### EXCERPTED DATA
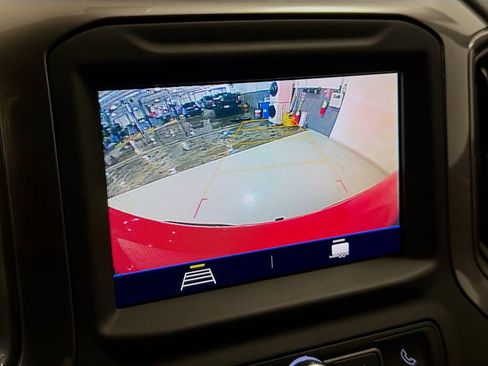 Used 2020 Chevrolet Silverado 1500 Custom w/ Custom Value Package AWD/4WD image 16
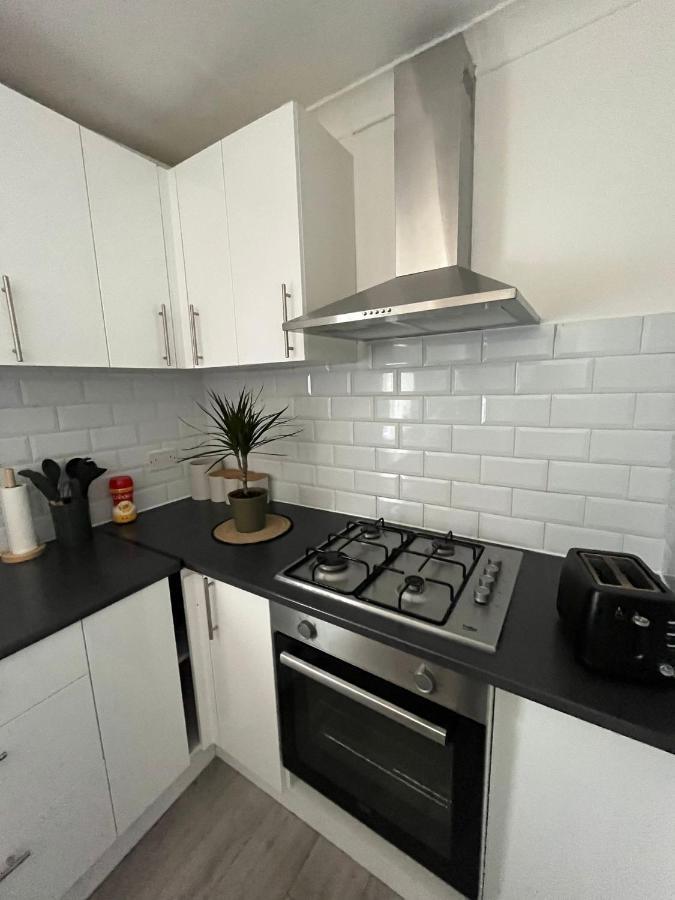 Park View Homestay Barking  Bagian luar foto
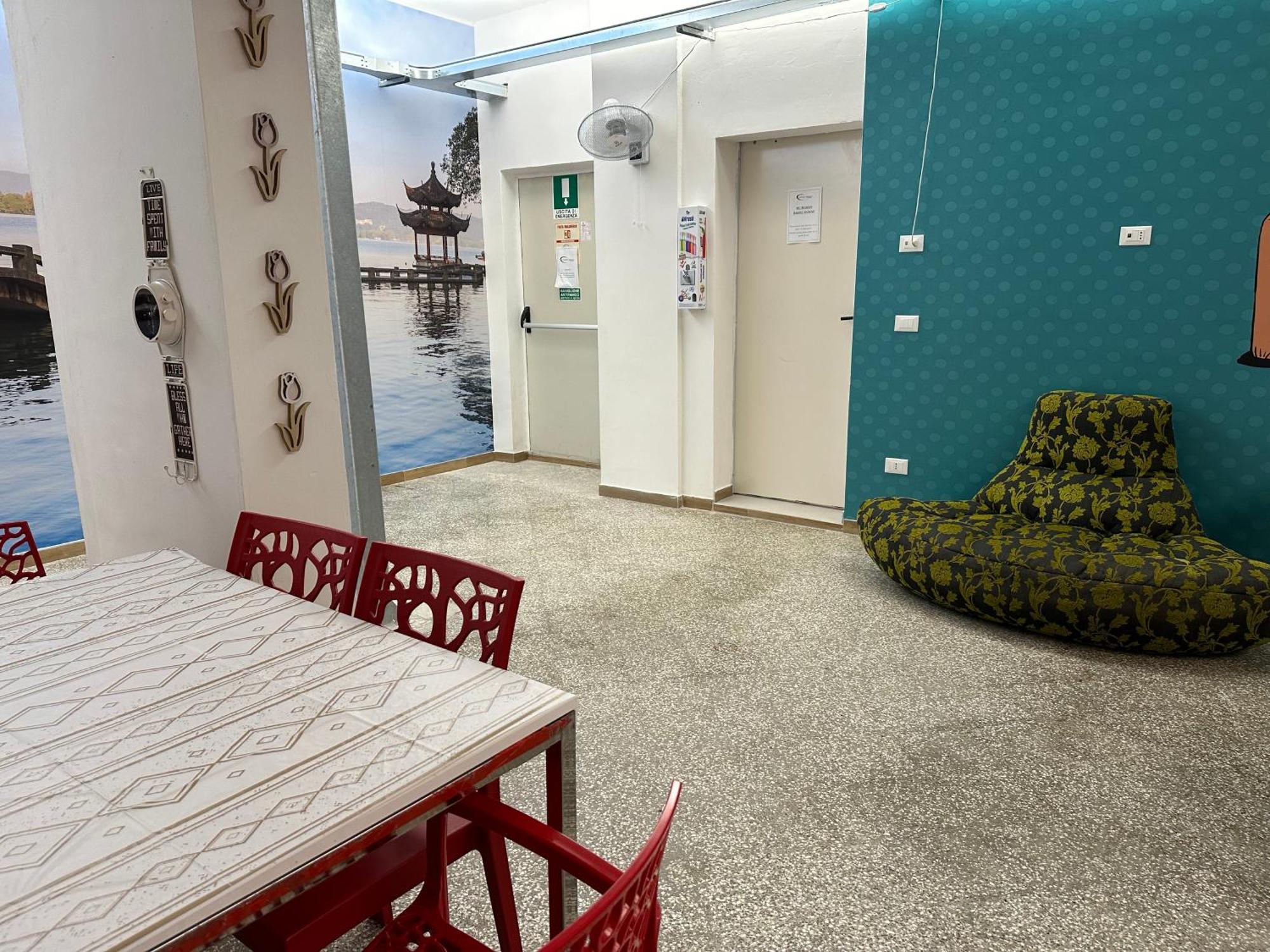 Cconforthotels Host Bari Centrale Экстерьер фото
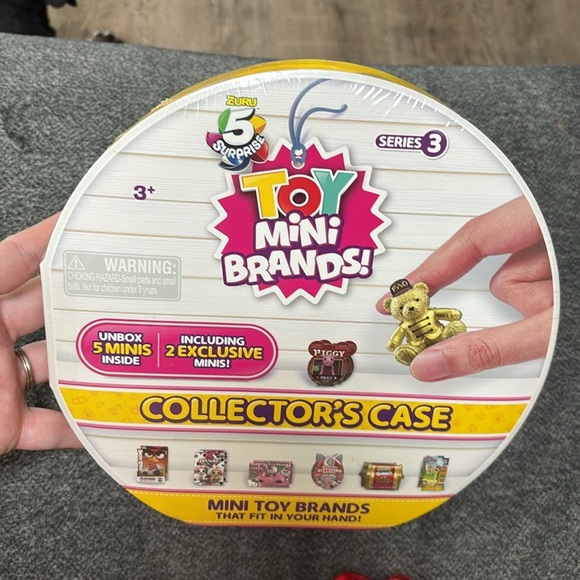 Toy Mini Brands 5 Surprise Minis & 2 Exclusives Toy Series 3 Collectors Case - Picture 1 of 10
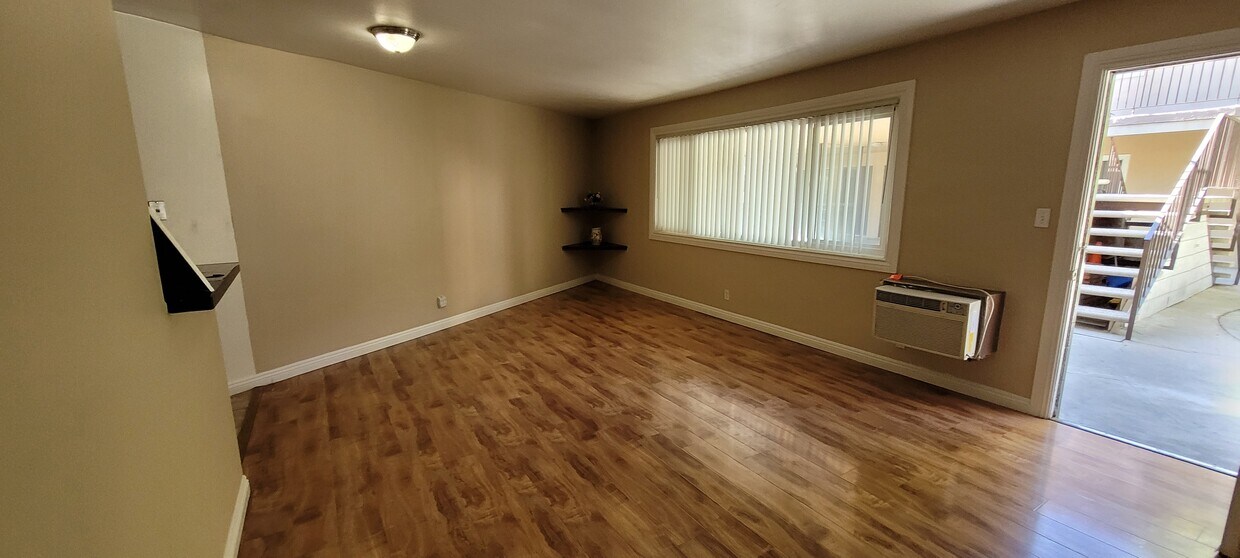 Foto principal - 24370 Newhall Ave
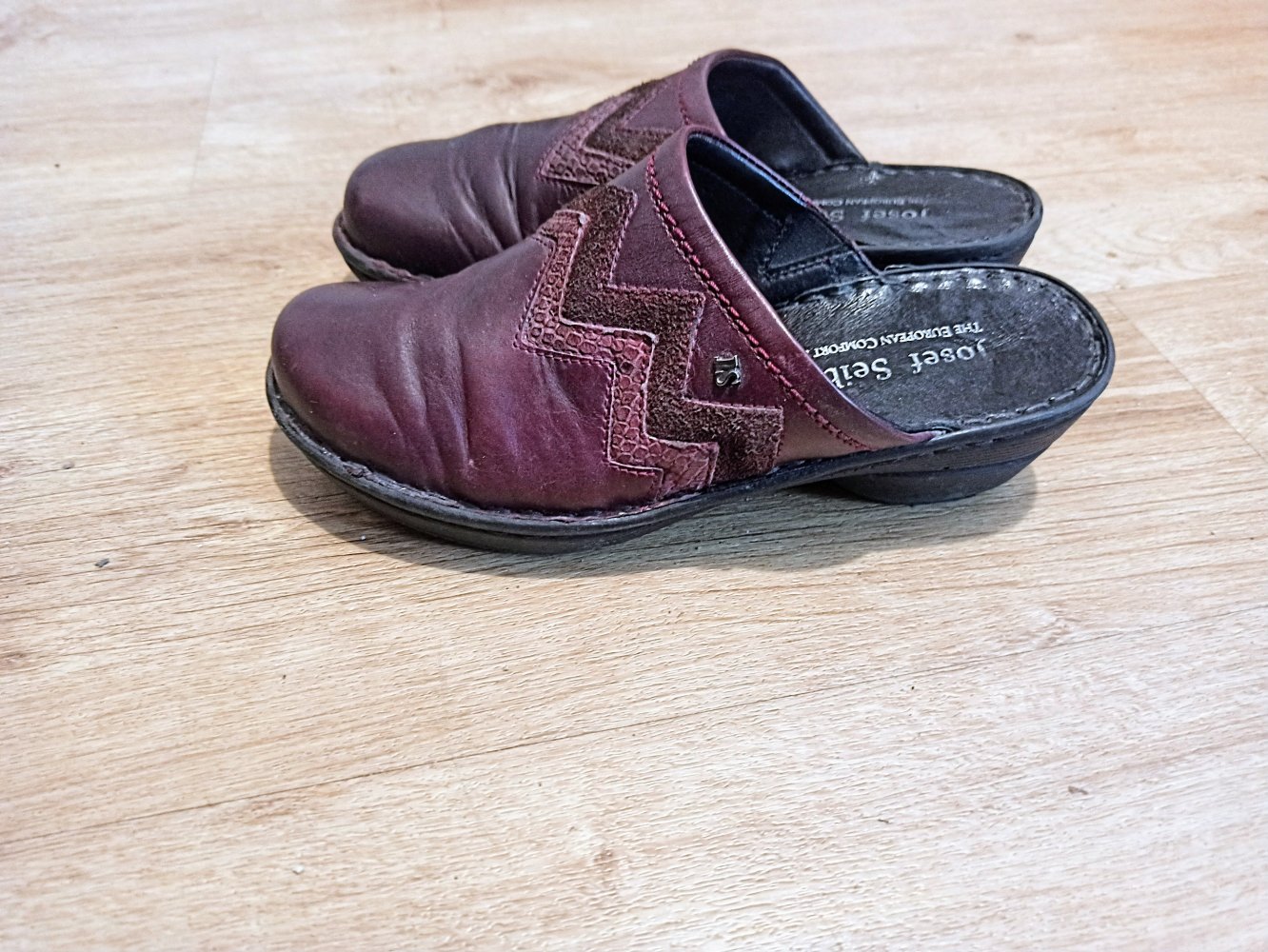 Tolle Schuhe in burgunderrot von Josef Seibel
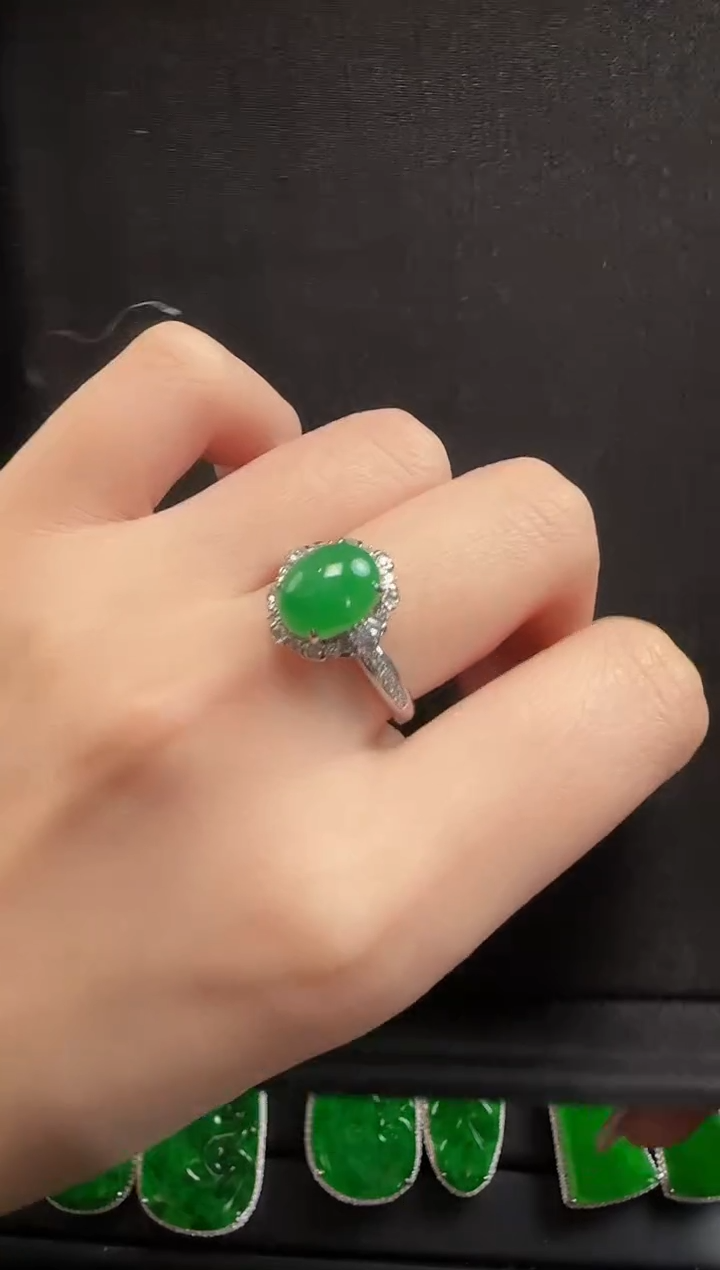 【闪购商品】翡翠戒指18K金镶嵌201蛋面一只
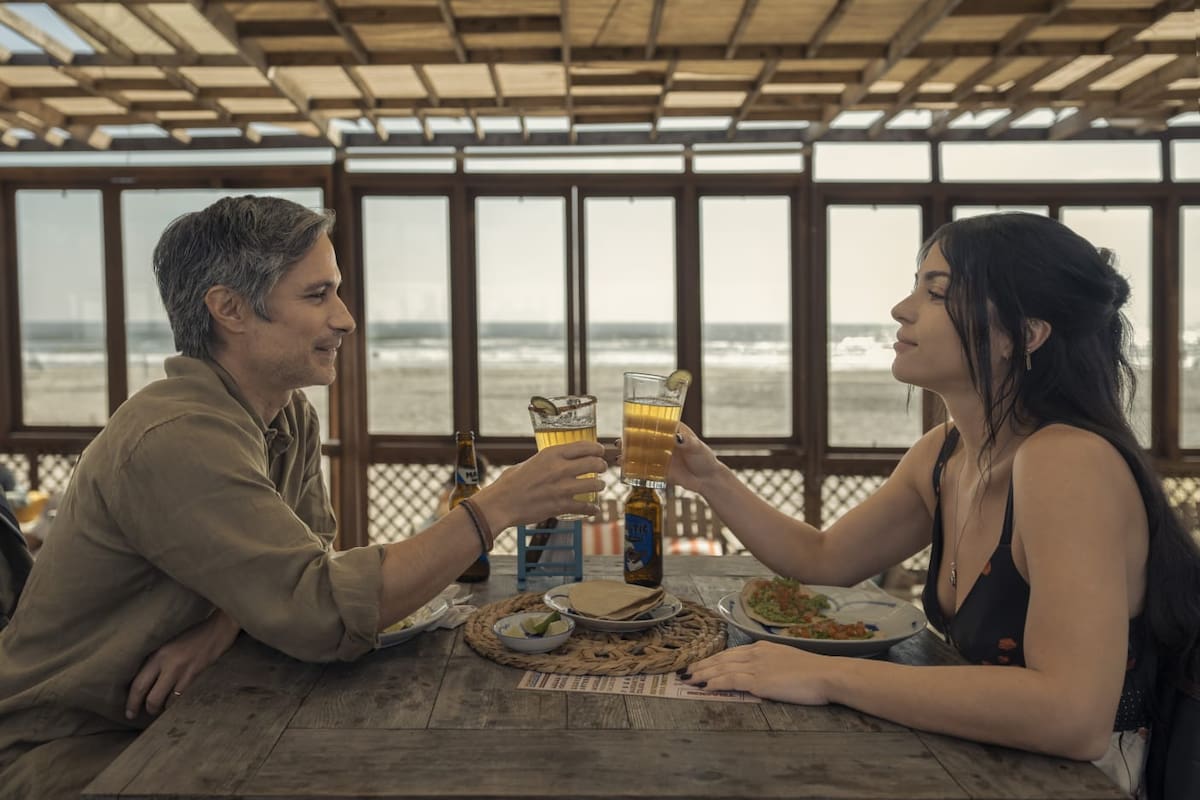 “Santita” la serie de Gael García que se grabó en Tijuana se estrena en abril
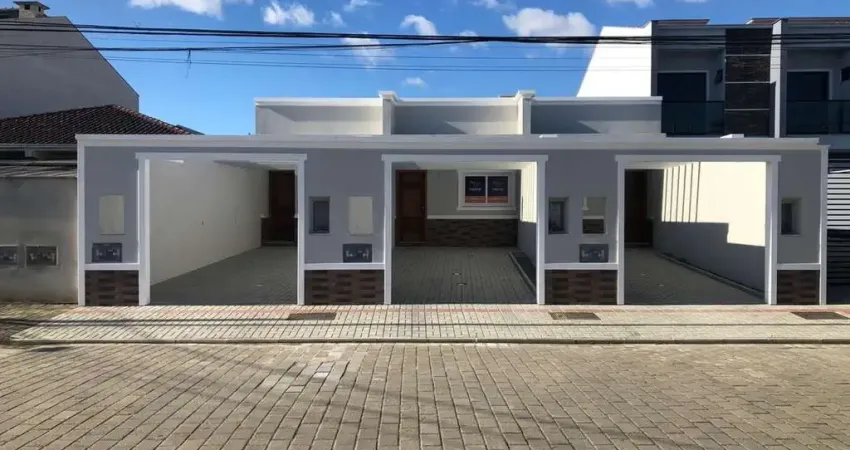Casa com 2 quartos à venda no João Costa, Joinville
######
TASK REQUIREMENTS: Repeat the lines above, starting at the first and stopping after the line that holds "Foto principal - 24370 Newhall Ave", with the pictures left out.

SOLUTION:
 Used 2020 Chevrolet Silverado 1500 Custom w/ Custom Value Package AWD/4WD image 16
 Park View Homestay Barking  Bagian luar foto
 Cconforthotels Host Bari Centrale Экстерьер фото
 Toy Mini Brands 5 Surprise Minis & 2 Exclusives Toy Series 3 Collectors Case - Picture 1 of 10
 Foto principal - 24370 Newhall Ave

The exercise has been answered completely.